A description of the storm of November 1849 and the wreck of the Hanover, written by Milton Spinney, son of the keeper of Pond Island Light -- quoted in Edward Rowe Snow's The Romance of Casco Bay.
The Hanover had sailed away in spring for a Russian port on the Black Sea where she had discharged her cargo, from there she sailed to Cadiz where she loaded salt for Bath, and was on her way home.
Without anything unusual happening to her she would be due at the mouth of the Kennebec about the first of November. As the time drew near for her to appear off the coast many pairs of eyes scanned the sea for a sight of the ship. It had been blowing a number of days with the wind east-north-east and it had created a heavy sea on the coast.
I was ashore with one of our neighbor boys and it was so rough that I could not get back to the island. I think it was on the fourth day of the blow that in the morning we saw Captain Rogers in the Hanover lying to the eastward of Seguin, which lies three miles off Pond Island.
There are two entrances to the Kennebec, one to the eastward and one to the westward of Seguin. Captain Rogers was considered a good pilot and fisherman and pilots on the shore wondered why he did not run into the river which he could easily have done with almost a fair wind by coming in the western way.
When it was seen by the men on shore what Captain Rogers intended to do they ran for a little hill that overlooked the beach and farther out the breaking on a bar. Behind them came the women and children, myself with the rest.
The ship, when she headed up, although close hauled by the wind, would have weathered the bar and Pond Island if the tide had been running in, but just after she got by the point of the treacherous sand spit she met the tide coming out which caught her on the weather bow making impossible the ship's passing the island on that tack.
Taking the western way was one of the many unexplainable things connected with this tragedy. After lying all the forenoon in a position where he could easily have entered the river, Captain Rogers was seen to square away his yard, run down to leeward of Seguin and try to get in the western way.
Then we saw from our lookout that the Captain was going to put his ship about. Slowly the vessel came up to wind, but a short distance from the seething foam of the bar and dead to windward of it.
When in the wind's eye she refused to go farther and with all her sails aback she slowly forged astern. Back, back, until every watcher's heart was ready to burst with suspense, back to that fearful maelstrom.

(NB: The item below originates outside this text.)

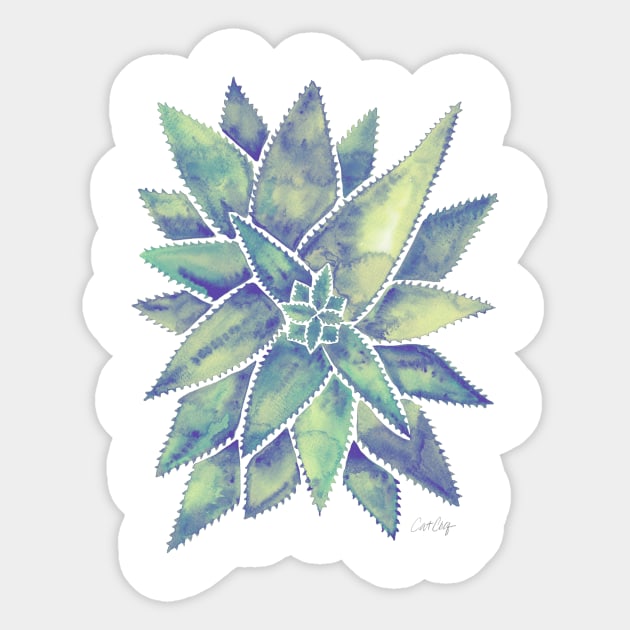 Marbled Aloe Vera Sticker by CatCoq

Back, to the octopus whose arms were extended to receive the doomed ship and her crew. Back, till in the hollow of a huge wave her stempost struck the sand beneath and the story is told.
The ship, when she struck, fell off broadside to the sea and the next comber rolled her down on her broadside, then every man on board, twenty-four all told, were seen on her side. The next waves rolled her bottom-up, breaking her spars off. As she rolled over the crew clambered up over the bilge and strung themselves out, holding on to the keel.
The third and fourth seas broke the ship in pieces and left the crew to battle for their lives till death should end their troubles. We knew that no man could come through alive.
As the wreckage came floating ashore the men went on the beach, and as the bodies came ashore they were reverently carried up on the high ground and laid down. Before the end of the day the bodies had been secured and now lie buried in a little cemetery within sound of the roaring waves which beat them to death.